Q: Is there any possibility of uterine fibroids shrinking with menopause? I am 52 and feel a slight bulge in my abdomen at times.
A: One of the best things that happens with menopause is that fibroids most often shrink. Although we have absolutely no idea what causes fibroids, which are an exuberant growth of the smooth muscle wall of the uterus, we do know that estrogen feeds them. So when estrogen levels go down at menopause, fibroids tend to shrink. They may not disappear entirely, but they will decrease in size.
So if I have a friend who is 52 and skipping periods and getting hot flashes – even if she has fibroids the size of a grapefruit – I encourage her to hang in there and not have a hysterectomy, because with menopause they will bother her much less.

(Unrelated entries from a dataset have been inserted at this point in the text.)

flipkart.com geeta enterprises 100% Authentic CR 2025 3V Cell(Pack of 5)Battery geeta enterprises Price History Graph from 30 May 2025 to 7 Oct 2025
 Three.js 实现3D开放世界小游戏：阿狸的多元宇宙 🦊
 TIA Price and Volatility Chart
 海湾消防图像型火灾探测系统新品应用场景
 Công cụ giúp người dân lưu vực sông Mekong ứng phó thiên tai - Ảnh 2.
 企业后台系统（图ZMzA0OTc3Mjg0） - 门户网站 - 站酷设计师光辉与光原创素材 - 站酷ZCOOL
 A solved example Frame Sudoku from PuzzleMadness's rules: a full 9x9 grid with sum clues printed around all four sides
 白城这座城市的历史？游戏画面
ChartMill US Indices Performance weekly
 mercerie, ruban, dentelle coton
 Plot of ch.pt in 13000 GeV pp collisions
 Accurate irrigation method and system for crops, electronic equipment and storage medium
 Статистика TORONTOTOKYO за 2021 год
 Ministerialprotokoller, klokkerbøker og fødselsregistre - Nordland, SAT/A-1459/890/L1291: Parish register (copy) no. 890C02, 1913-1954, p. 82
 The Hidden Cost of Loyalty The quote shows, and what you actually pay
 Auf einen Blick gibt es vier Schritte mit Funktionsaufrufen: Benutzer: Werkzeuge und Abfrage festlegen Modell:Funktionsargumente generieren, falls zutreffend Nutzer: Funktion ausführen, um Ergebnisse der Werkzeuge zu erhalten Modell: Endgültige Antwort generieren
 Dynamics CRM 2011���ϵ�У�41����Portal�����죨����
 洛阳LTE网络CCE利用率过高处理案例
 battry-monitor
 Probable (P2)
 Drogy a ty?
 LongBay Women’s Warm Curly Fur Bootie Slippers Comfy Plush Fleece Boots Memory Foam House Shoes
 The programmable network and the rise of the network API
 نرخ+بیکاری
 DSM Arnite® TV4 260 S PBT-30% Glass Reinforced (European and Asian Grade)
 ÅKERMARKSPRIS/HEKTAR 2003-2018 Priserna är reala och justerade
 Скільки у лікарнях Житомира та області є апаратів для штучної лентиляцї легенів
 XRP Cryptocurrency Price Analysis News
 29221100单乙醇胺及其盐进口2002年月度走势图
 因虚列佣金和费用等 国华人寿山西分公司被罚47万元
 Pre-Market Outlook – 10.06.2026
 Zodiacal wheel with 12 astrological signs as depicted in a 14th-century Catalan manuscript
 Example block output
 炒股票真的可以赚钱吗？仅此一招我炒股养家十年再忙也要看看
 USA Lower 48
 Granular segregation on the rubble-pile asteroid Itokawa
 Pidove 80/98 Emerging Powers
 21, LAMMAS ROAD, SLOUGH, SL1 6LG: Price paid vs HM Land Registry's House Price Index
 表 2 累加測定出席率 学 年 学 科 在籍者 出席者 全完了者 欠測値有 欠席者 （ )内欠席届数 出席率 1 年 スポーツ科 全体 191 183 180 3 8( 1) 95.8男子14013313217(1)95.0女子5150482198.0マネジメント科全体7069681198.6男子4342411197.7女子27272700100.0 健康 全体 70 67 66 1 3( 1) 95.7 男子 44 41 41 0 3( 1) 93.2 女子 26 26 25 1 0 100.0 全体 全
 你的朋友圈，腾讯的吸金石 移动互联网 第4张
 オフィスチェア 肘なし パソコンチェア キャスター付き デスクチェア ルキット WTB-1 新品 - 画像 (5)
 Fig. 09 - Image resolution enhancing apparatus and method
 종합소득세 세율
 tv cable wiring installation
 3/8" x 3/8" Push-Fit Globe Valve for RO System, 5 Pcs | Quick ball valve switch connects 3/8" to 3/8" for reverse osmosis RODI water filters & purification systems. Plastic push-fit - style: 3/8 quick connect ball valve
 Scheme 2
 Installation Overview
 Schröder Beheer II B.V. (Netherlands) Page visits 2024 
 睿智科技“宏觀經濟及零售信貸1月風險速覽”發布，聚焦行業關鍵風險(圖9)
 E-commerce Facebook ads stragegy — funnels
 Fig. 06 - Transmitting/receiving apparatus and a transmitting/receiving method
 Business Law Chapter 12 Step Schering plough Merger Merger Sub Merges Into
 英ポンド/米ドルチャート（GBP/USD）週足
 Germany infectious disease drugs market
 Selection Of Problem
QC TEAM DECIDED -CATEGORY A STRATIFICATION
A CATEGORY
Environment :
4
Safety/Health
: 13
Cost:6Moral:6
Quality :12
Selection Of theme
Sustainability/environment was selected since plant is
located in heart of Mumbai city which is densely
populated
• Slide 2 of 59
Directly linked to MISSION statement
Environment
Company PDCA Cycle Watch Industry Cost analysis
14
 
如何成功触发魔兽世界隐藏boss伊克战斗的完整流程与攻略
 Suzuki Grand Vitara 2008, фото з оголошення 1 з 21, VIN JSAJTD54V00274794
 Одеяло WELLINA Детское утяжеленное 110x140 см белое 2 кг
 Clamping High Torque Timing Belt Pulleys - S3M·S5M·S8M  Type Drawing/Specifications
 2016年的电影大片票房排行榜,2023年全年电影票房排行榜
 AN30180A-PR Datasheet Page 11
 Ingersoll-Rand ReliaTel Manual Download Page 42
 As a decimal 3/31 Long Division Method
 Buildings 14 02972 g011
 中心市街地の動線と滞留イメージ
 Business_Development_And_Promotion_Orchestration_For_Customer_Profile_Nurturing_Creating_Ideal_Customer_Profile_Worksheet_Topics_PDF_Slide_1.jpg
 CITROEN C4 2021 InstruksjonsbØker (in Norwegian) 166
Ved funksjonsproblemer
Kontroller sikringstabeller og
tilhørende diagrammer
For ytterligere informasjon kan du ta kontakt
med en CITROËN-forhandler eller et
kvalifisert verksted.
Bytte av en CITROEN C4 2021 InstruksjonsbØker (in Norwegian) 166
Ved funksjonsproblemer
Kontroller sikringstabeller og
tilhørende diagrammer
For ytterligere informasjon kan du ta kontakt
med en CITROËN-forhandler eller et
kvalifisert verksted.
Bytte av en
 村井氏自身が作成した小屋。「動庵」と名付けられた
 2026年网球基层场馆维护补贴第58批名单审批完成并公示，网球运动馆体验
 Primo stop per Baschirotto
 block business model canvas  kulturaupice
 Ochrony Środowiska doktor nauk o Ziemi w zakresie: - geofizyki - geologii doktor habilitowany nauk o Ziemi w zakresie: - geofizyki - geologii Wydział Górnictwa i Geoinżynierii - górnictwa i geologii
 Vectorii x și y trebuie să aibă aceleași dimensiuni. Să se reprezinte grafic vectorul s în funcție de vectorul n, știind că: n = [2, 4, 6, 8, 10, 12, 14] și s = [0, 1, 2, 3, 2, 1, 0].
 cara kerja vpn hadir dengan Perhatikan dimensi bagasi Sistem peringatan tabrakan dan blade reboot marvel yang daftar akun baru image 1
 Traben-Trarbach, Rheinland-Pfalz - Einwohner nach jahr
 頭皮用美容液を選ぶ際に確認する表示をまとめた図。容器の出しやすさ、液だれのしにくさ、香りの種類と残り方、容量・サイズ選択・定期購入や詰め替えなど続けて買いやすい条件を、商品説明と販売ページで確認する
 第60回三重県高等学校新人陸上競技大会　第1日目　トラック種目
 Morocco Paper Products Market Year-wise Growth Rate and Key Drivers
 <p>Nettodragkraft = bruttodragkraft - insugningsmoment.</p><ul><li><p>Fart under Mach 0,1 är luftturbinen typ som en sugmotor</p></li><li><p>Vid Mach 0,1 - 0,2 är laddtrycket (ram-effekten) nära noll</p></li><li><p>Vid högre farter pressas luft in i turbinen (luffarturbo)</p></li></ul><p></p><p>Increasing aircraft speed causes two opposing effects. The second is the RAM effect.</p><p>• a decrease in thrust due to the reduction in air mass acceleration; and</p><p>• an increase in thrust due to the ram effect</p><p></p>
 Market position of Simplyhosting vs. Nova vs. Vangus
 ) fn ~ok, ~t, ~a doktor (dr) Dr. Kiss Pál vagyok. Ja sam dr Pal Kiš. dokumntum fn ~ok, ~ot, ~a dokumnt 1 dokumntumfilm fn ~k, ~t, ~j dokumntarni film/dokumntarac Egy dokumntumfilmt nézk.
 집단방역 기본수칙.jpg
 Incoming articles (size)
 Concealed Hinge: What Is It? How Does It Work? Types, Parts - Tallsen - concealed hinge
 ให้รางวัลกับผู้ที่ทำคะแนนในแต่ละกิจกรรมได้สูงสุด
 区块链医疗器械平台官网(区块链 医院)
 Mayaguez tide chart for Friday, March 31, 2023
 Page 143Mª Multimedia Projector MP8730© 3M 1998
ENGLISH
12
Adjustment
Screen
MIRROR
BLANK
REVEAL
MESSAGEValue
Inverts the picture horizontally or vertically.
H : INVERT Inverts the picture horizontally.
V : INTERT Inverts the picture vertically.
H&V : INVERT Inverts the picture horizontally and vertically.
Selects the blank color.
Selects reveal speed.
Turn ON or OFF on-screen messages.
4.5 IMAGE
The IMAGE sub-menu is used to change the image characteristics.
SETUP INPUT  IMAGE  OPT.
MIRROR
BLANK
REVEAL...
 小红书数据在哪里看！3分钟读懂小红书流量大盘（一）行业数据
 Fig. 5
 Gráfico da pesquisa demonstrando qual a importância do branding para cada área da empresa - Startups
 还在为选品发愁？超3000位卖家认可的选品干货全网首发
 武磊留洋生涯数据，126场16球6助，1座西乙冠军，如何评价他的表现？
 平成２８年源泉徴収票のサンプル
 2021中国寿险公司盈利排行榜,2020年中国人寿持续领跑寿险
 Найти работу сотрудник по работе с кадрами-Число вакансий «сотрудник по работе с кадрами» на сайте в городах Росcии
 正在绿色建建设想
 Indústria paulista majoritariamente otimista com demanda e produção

The problem is that sometimes I will be dealing with a 52-year-old woman who has no signs whatsoever of becoming menopausal. If she is really bothered by symptoms from her fibroid, I am in more of a quandary, since there is no good test to find out when menopause will occur. My personal record is 59 – I have taken care of two women who finished menopause at 59. So I leave it up to the woman to decide whether she should think of surgery or not.
Interestingly enough, even if you give a woman with fibroids estrogen replacement therapy, the fibroids seldom increase in size, and usually they continue to shrink. Remember that the amount of estrogen we give when we do replacement therapy is much less than your own body makes with normal menstrual cycles. So a woman in this situation needs monitoring, but fibroids are not a contraindication to estrogen.